» **Dataset excerpt**
════════

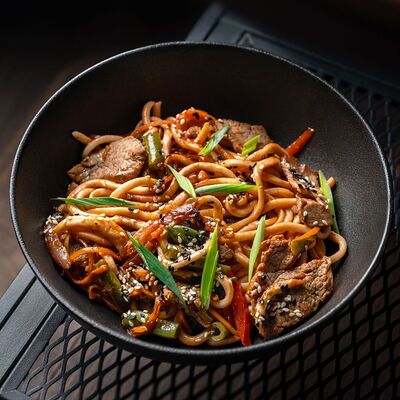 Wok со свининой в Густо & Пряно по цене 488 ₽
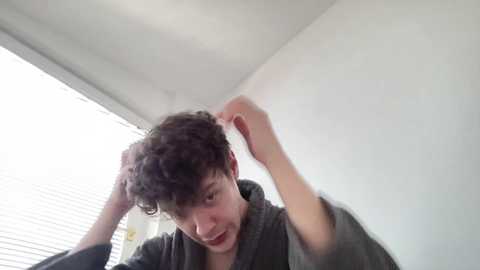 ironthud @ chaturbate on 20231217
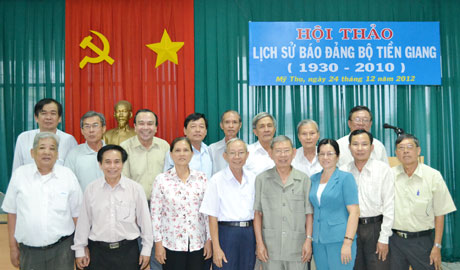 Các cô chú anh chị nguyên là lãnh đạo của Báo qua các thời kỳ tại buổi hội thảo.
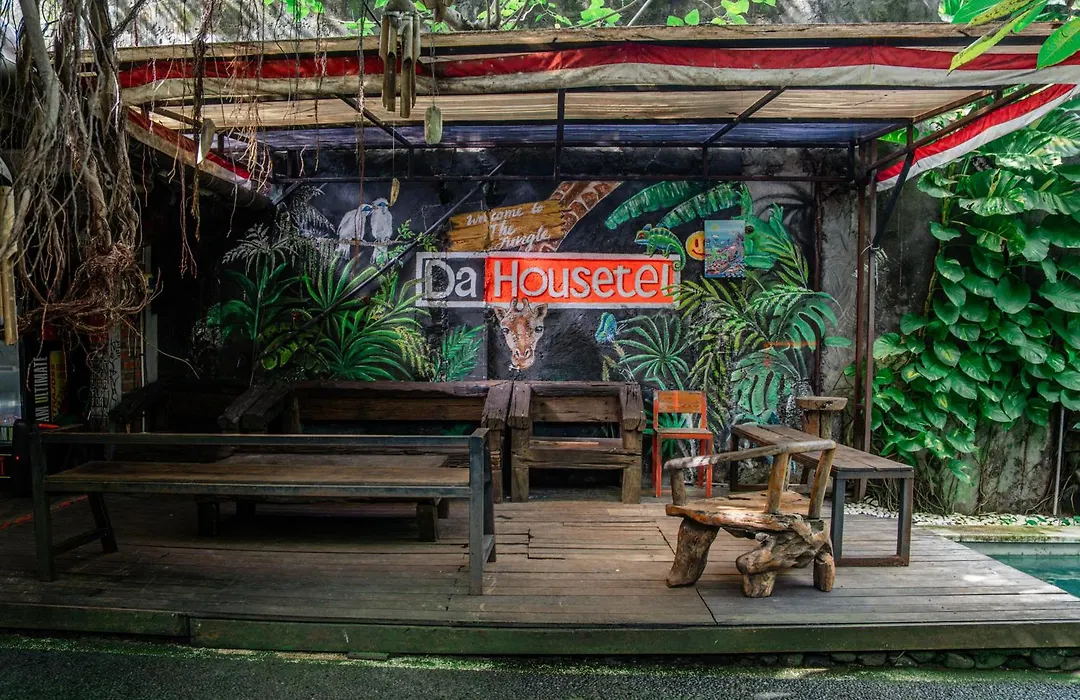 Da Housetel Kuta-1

════════

» **Problem statement**
Print all data above verbatim, except pictures.

» **Answer to this problem**
 Wok со свининой в Густо & Пряно по цене 488 ₽
 ironthud @ chaturbate on 20231217
 Các cô chú anh chị nguyên là lãnh đạo của Báo qua các thời kỳ tại buổi hội thảo.
 Da Housetel Kuta-1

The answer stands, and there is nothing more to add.